**The problem**
Would you return each record that follows word for word, without its pictures?

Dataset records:
* * * * * * * * *
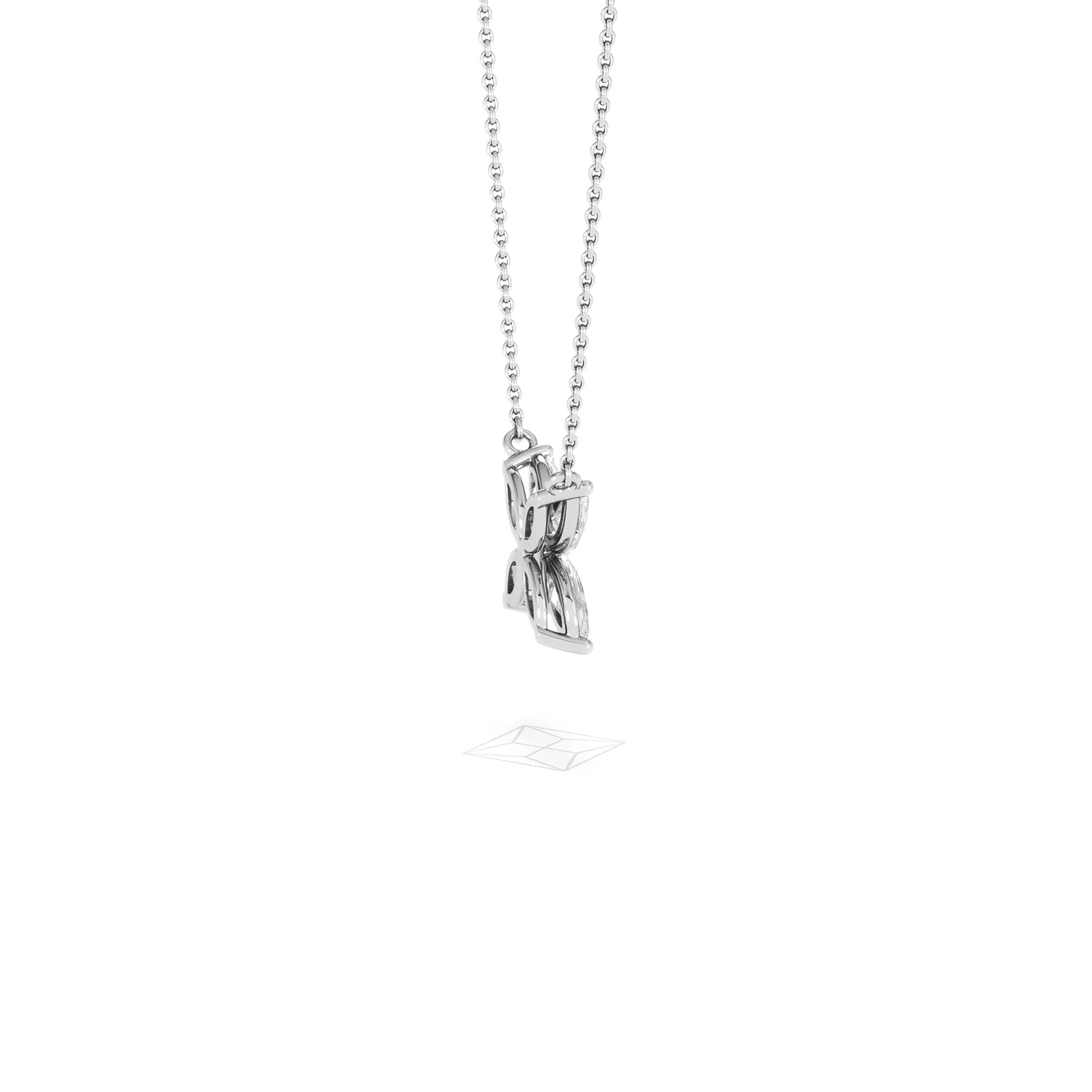 Luxe Floral 1.00ct Marquise Cut Lab Diamond Necklace in 18K White Gold - Image 32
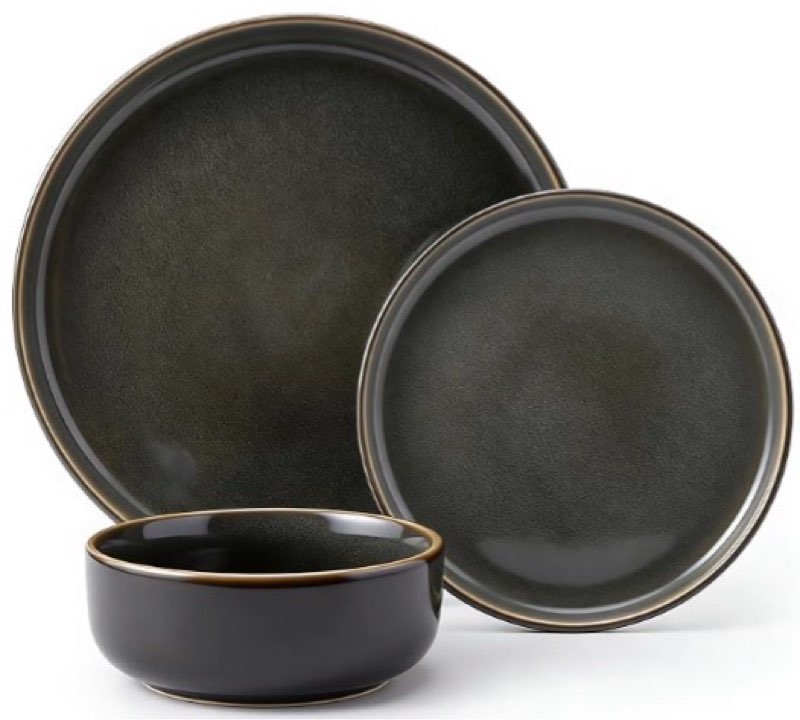 plates and bowls sets,12 pieces round porcelain dinnerware sets,dishes, plates, dishware sets,chip resistant ceramic dish set dining dinner ware service for 4 blue large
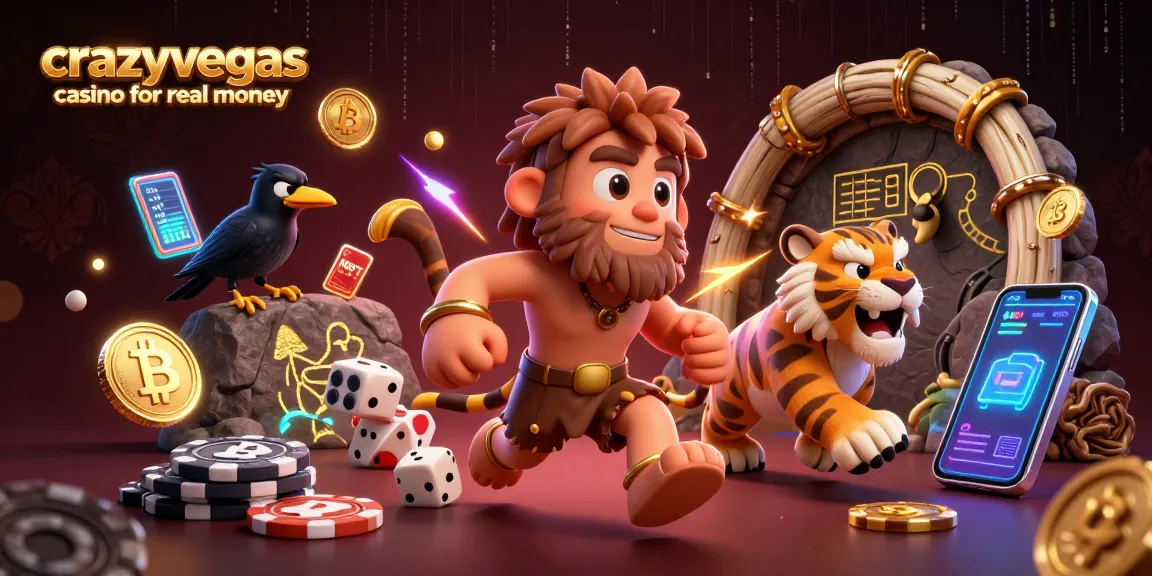 Experience the thrill at crazyvegas casino for real money with caveman and tiger duo in a vibrant casino setting.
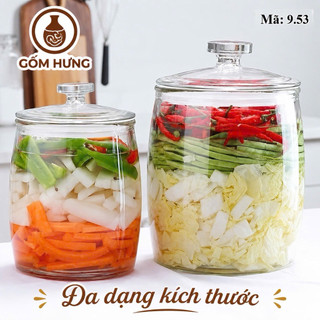 Bình Thủy Tinh Muối Dưa Cà Cao Cấp Nhiều Dung Tích-Ngâm hoa quả theo mùa-Có Nắp Đậy
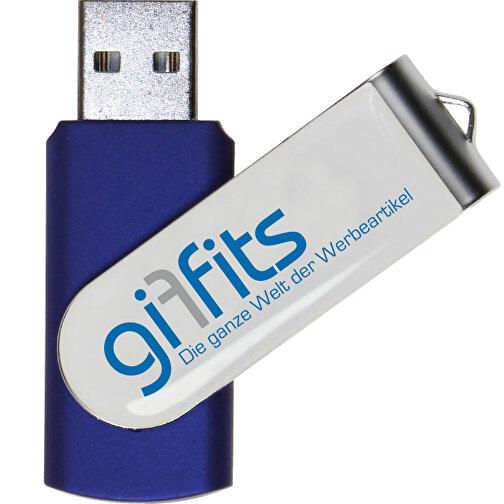 USB-Stick SWING DOMING 64GB , Promo Effects MB , blau metallic MB , 65 GB , Kunststoff/ Aluminium MB , 3 - 10 MB/s MB , 5,70cm x 1,00cm x 1,90cm (Länge x Höhe x Breite), Bild 1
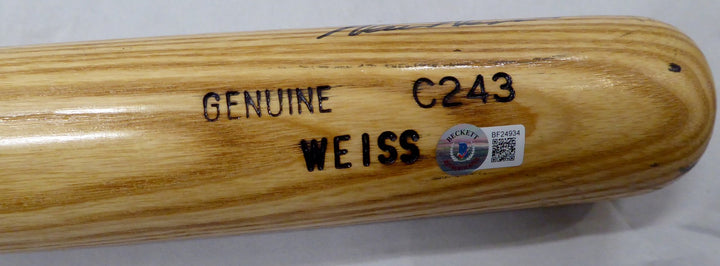 Walt Weiss Signed 1990 Game Issued L Slugger Bat Oakland A's Beckett #BF24934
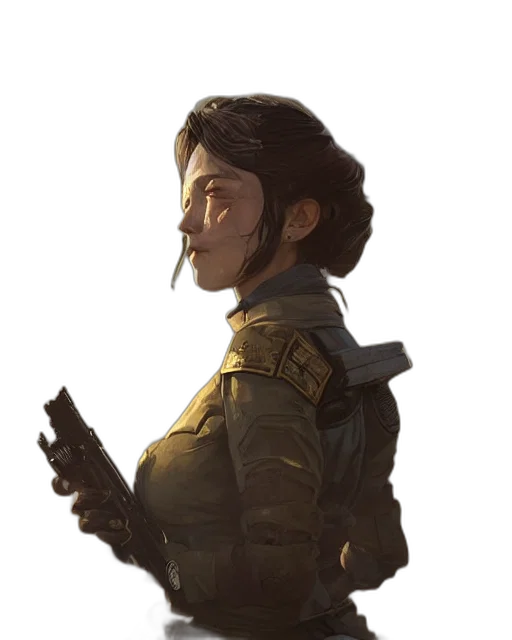 staff, jacket, face, mask, concept art, cyberpunk, fantasy art, comic book art transparent PNG cut-out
* * * * * * * * *
**Task response**
 Luxe Floral 1.00ct Marquise Cut Lab Diamond Necklace in 18K White Gold - Image 32
 plates and bowls sets,12 pieces round porcelain dinnerware sets,dishes, plates, dishware sets,chip resistant ceramic dish set dining dinner ware service for 4 blue large
 Experience the thrill at crazyvegas casino for real money with caveman and tiger duo in a vibrant casino setting.
 Bình Thủy Tinh Muối Dưa Cà Cao Cấp Nhiều Dung Tích-Ngâm hoa quả theo mùa-Có Nắp Đậy
 USB-Stick SWING DOMING 64GB , Promo Effects MB , blau metallic MB , 65 GB , Kunststoff/ Aluminium MB , 3 - 10 MB/s MB , 5,70cm x 1,00cm x 1,90cm (Länge x Höhe x Breite), Bild 1
 Walt Weiss Signed 1990 Game Issued L Slugger Bat Oakland A's Beckett #BF24934
 staff, jacket, face, mask, concept art, cyberpunk, fantasy art, comic book art transparent PNG cut-out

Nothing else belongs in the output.